[Provided information]
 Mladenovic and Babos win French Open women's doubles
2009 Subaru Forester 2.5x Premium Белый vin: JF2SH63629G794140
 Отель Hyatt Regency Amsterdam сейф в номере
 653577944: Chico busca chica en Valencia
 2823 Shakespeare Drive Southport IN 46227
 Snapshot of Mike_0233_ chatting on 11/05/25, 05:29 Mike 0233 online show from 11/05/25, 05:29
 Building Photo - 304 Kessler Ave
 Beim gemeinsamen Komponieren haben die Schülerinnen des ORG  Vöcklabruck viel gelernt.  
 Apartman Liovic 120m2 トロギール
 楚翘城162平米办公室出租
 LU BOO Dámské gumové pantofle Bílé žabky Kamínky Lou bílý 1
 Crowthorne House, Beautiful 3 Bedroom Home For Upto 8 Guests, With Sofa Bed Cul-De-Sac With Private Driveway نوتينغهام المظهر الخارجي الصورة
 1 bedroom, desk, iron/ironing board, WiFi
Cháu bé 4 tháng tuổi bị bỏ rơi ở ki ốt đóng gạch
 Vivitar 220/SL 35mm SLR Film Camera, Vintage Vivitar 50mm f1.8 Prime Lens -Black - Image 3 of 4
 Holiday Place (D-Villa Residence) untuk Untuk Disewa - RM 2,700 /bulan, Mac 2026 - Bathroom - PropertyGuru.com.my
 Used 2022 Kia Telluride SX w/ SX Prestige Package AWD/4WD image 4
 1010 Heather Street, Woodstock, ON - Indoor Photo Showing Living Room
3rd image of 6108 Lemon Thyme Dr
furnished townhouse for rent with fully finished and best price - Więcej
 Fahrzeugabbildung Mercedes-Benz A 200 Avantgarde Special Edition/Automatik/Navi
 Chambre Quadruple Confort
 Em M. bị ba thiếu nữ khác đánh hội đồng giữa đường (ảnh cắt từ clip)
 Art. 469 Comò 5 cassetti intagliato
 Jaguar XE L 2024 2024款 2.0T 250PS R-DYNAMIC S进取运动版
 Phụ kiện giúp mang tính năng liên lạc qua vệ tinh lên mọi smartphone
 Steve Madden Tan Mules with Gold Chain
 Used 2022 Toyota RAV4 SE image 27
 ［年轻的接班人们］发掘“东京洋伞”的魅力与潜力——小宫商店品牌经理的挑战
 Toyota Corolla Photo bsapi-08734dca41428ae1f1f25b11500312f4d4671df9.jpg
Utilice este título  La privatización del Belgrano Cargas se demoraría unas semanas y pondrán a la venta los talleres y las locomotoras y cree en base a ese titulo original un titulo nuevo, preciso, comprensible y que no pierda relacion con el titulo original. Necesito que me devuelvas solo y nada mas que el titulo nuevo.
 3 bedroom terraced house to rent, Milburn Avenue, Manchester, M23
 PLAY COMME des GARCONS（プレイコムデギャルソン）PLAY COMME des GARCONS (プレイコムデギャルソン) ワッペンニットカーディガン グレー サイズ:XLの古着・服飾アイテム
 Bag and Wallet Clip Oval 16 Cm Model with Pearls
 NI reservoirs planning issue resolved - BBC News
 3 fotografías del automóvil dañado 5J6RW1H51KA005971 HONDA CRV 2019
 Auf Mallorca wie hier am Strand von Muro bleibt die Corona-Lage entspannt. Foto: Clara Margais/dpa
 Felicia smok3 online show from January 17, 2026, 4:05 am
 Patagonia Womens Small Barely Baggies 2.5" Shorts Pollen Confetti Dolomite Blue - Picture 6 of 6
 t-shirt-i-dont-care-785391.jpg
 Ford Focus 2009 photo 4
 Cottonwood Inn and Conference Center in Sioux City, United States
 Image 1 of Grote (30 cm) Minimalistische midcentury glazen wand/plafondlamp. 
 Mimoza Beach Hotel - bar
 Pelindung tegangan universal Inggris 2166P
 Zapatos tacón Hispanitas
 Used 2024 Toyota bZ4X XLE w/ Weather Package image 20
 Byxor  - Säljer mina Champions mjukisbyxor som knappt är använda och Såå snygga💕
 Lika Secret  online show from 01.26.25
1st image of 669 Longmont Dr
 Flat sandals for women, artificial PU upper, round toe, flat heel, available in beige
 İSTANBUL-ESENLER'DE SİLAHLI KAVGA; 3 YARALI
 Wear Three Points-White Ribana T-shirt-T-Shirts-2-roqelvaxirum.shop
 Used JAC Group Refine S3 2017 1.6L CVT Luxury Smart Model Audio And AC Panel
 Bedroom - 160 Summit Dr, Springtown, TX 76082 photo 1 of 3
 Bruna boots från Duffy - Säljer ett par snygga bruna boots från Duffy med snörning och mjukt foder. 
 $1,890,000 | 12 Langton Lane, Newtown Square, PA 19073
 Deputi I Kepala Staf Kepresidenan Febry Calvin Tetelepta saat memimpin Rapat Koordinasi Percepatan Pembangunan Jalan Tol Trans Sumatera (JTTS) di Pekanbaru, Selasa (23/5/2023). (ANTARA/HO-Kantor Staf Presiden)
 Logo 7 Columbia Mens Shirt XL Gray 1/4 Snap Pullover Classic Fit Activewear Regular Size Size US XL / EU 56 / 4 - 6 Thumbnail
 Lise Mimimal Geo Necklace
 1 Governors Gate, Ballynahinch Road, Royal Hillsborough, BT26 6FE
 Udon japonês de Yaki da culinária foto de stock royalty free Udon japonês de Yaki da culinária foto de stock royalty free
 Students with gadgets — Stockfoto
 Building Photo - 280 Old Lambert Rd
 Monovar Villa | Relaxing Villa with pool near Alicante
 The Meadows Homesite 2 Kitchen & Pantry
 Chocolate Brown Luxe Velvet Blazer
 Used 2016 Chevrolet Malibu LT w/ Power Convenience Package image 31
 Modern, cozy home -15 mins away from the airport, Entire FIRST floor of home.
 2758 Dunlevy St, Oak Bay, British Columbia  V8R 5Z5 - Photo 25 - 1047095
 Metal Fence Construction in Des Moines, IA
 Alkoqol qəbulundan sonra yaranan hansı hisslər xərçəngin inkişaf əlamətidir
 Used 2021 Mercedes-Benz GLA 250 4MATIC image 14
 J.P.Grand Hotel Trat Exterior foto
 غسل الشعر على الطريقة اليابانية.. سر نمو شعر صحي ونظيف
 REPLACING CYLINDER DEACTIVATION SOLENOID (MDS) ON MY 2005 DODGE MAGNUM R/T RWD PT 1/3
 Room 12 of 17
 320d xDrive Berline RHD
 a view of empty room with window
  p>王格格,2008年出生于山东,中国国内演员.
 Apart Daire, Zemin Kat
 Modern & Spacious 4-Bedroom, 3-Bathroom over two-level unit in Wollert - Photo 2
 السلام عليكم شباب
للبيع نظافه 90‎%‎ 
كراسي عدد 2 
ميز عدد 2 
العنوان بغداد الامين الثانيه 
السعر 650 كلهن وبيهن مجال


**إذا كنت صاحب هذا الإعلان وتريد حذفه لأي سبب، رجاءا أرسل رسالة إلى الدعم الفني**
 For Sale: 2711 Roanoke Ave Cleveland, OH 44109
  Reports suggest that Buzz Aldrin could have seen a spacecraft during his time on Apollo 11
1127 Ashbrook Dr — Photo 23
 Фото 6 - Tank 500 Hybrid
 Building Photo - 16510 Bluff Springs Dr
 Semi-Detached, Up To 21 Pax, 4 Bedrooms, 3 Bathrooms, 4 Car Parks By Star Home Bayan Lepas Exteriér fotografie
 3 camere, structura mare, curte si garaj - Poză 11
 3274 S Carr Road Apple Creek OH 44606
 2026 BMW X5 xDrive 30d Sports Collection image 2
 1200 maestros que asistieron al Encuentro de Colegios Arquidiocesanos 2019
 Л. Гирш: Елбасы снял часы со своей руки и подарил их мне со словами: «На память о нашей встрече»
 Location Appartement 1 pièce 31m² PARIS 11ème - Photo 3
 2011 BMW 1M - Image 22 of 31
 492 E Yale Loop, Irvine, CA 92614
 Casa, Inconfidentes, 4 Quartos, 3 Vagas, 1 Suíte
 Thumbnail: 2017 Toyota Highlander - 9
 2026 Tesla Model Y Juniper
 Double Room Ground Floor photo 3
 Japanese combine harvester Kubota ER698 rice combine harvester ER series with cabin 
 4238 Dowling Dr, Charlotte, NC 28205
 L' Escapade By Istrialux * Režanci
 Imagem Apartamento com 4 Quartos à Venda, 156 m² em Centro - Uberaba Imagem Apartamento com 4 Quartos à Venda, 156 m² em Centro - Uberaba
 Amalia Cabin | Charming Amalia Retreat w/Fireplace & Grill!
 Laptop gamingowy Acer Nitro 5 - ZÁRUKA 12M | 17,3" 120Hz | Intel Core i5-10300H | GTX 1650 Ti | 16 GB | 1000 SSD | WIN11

[Work request] All lines from the opening of the records through the line where "LU BOO Dámské" occurs are to be output verbatim. No other line belongs in the answer.

[Answer for this exercise]
 Mladenovic and Babos win French Open women's doubles
2009 Subaru Forester 2.5x Premium Белый vin: JF2SH63629G794140
 Отель Hyatt Regency Amsterdam сейф в номере
 653577944: Chico busca chica en Valencia
 2823 Shakespeare Drive Southport IN 46227
 Snapshot of Mike_0233_ chatting on 11/05/25, 05:29 Mike 0233 online show from 11/05/25, 05:29
 Building Photo - 304 Kessler Ave
 Beim gemeinsamen Komponieren haben die Schülerinnen des ORG  Vöcklabruck viel gelernt.  
 Apartman Liovic 120m2 トロギール
 楚翘城162平米办公室出租
 LU BOO Dámské gumové pantofle Bílé žabky Kamínky Lou bílý 1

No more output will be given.